Two recent EAT decisions provide welcome clarification for companies engaging agency workers that it will only be in rare circumstances that a contract of employment will be implied between an agency worker and the end-user (James v Greenwich Council and Cairns v Visteon Ltd). If there is a genuine tripartite agency relationship where services are procured through an agency and the end-user cannot insist on engaging a particular worker, some words or conduct would be needed to persuade a tribunal that the arrangements do not, in fact, reflect the reality such that it is necessary to imply an employment relationship between the worker and end-user. Even if the end-user exercises significant control over the way that the work is performed, this will not, by itself, be sufficient to undermine a tripartite agency relationship. Care should, however, be taken in carrying out disciplinary action as this could imply a level of control and integration inconsistent with a standard tripartite arrangement. However, the mere passage of time would not, in itself, be sufficient to establish mutuality of obligation between a worker and end-user.

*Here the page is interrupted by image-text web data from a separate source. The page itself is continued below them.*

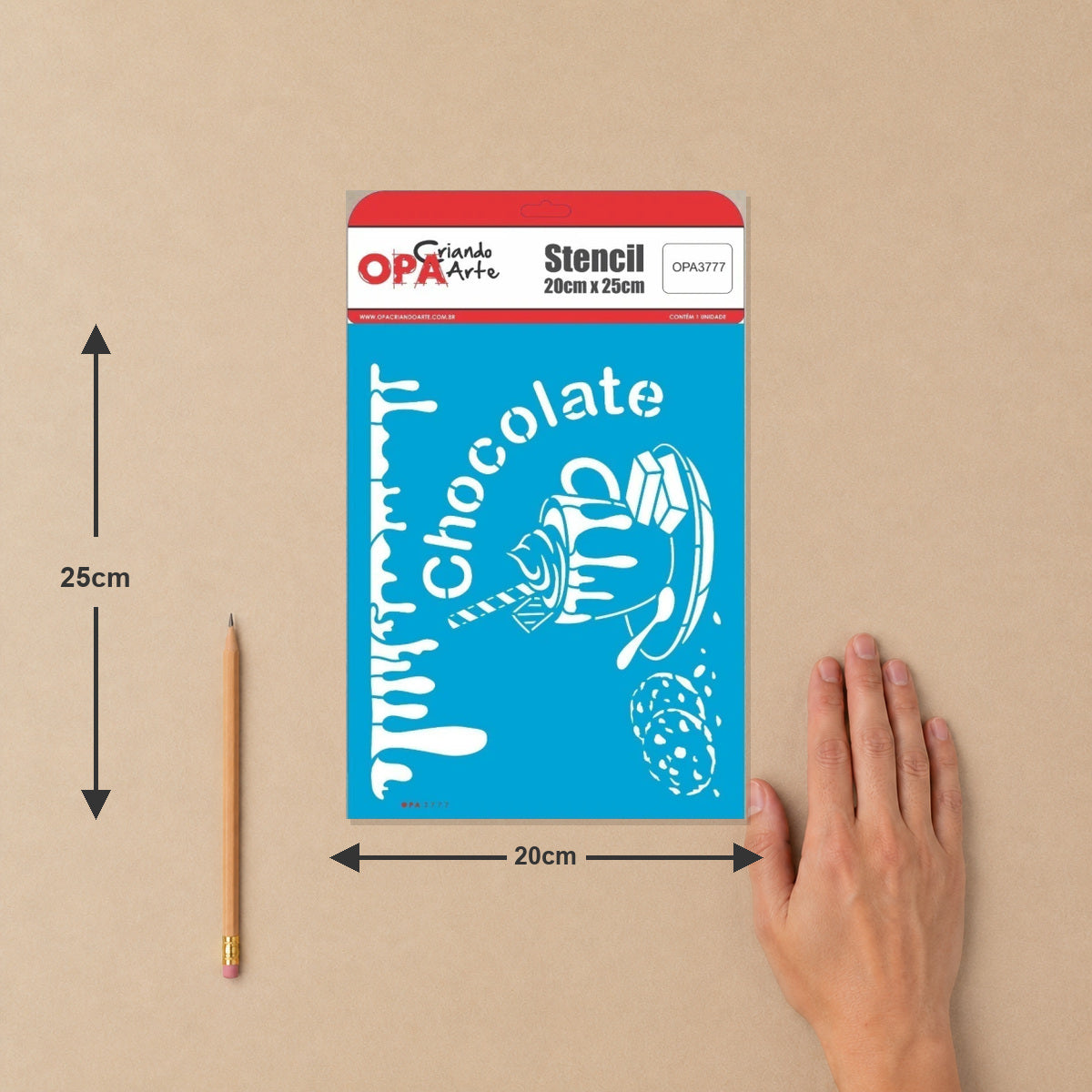 Stencil Culinária Xícara de Chocolate 20x25cm para Pintura Decorativa e Artesanato 3777 - Opa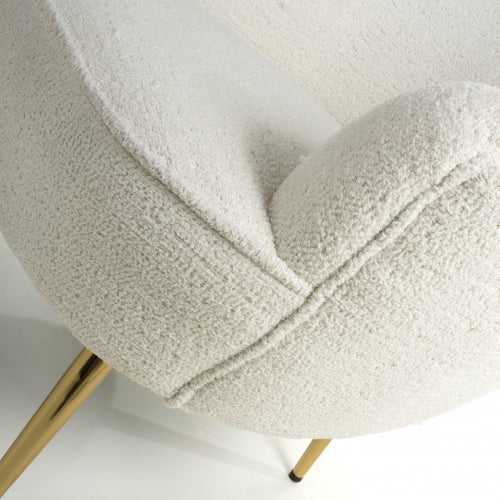 Lucia Boucle Vanilla White Tub Chair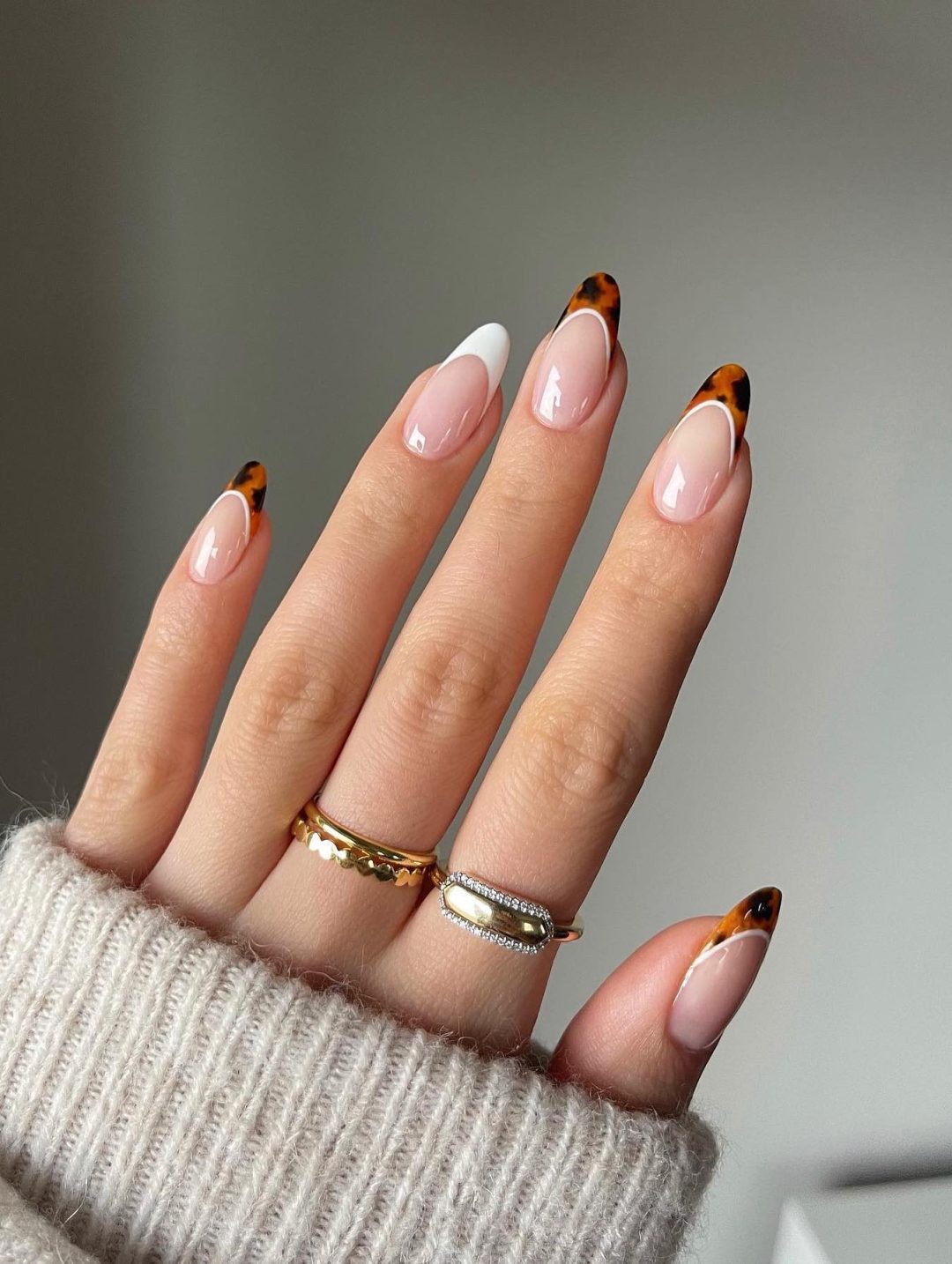 Tortoiseshell French tip nails
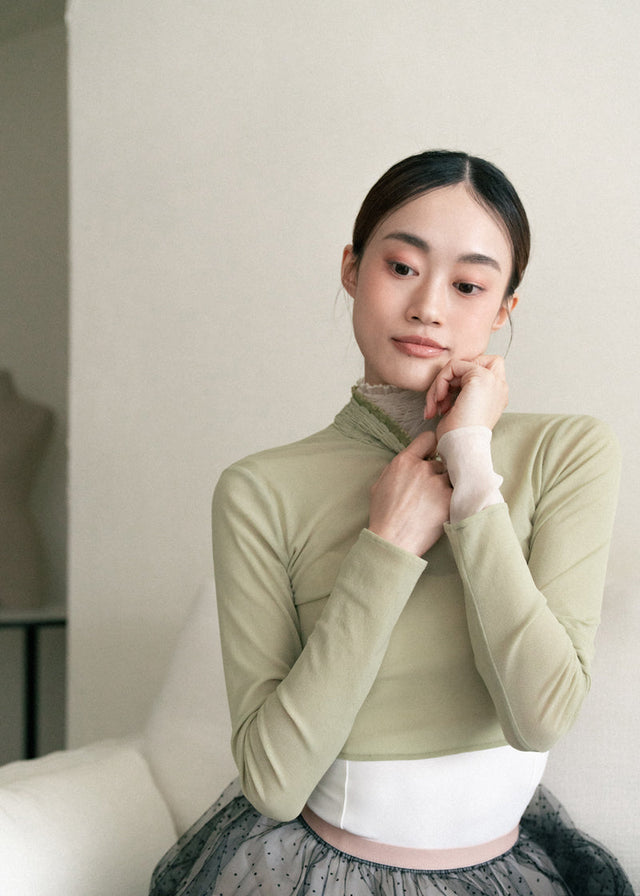 Turtleneck Top - Sakura Pink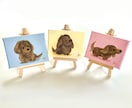 あなたのペットをゆるかわいいミニ原画にします うちの子がキャンバスの絵画に！イーゼル付きですぐに飾れます イメージ6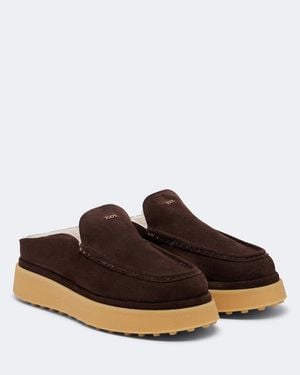 Tod's Plateau-Mules Aus Veloursleder Mit Shearling - Braun
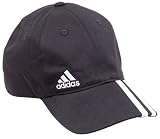 adidas Junior 3 Stripe Off Centre Cap Black/Light Grey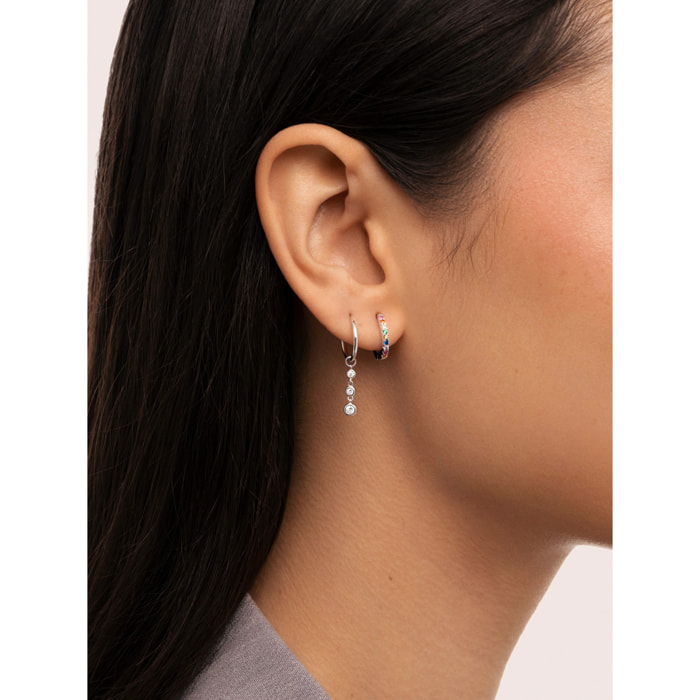Pendiente Suelto Aro Triple Spark Plata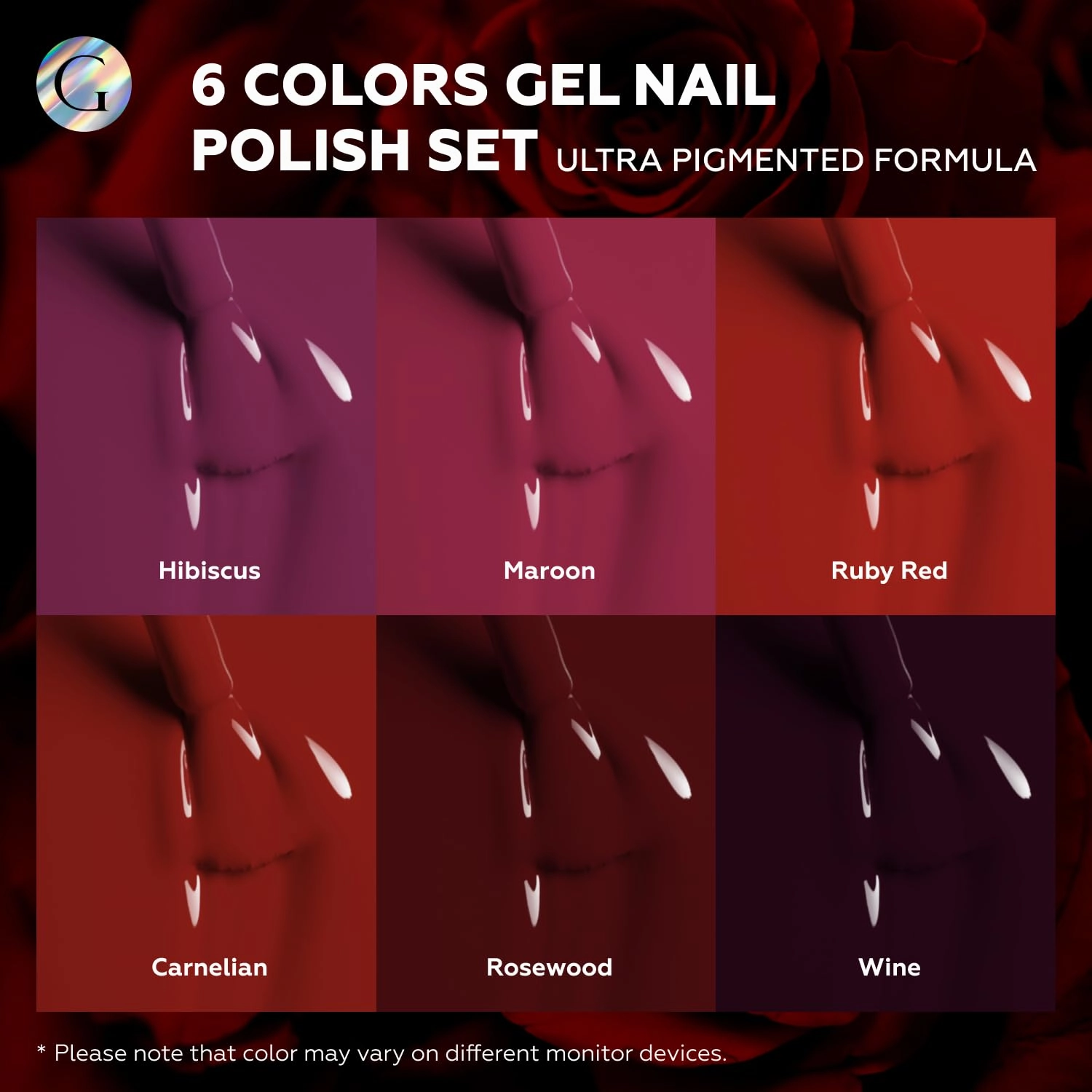 GLOSS HEMA Free Gel Polish Set | 6 Pcs Red Nail Polish with Raspberry, Maroon, Ruby, Rosewood, Burgundy, & Red Wine Colors, Soak off UV LED Polish, Manicure at Home, Nail Art Gifts for Women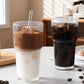 2Pcs Iced Coffee Cups with Lid Ribbed Glass Tumbler with Straw Leak Proof Reusable for To Go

Uncertainty had existed since the Court of Appeal said (obiter) that there may be circumstances where an employment relationship can be implied between an agency worker and the end user (Dacas v Brook Street Bureau) which was reaffirmed in a subsequent Court of Appeal case (Cable and Wireless v Muscat). However, it now seems that it will only be where the written arrangements do not genuinely reflect the actual relationship between the parties or where a worker has no contract of employment with the agency (as in Dacas) that the tribunal may be compelled to consider whether to imply a contract by necessity between the agency and end-user. Where, on the other hand (as in Cairns), the worker did have unfair dismissal protection by virtue of her contract of employment with the agency, the fact that she had a greater chance of succeeding in a claim against the end-user would not, in itself, be sufficient to compel a tribunal by necessity to imply a contract.

Where possible, companies should address the status of agency workers in contractual documentation with the agency and seek indemnities to protect against any future liability that might arise should the agency workers succeed in asserting an employment relationship with the end-user.

8. Extension to flexible work rights

The Government has now published the Flexible Working (Eligibility, Complaints and Remedies) (Amendment) Regulations 2006 SI 2006/3314 which will extend the right to request flexible working to certain carers of adults from 6 April 2007. An employee with 26 weeks' continuous employment may make a request for flexible working if the employee is or expects to be caring for an adult in need of care who is either the employee's spouse, partner or civil partner, a relative of the employee; or living at the same address as the employee.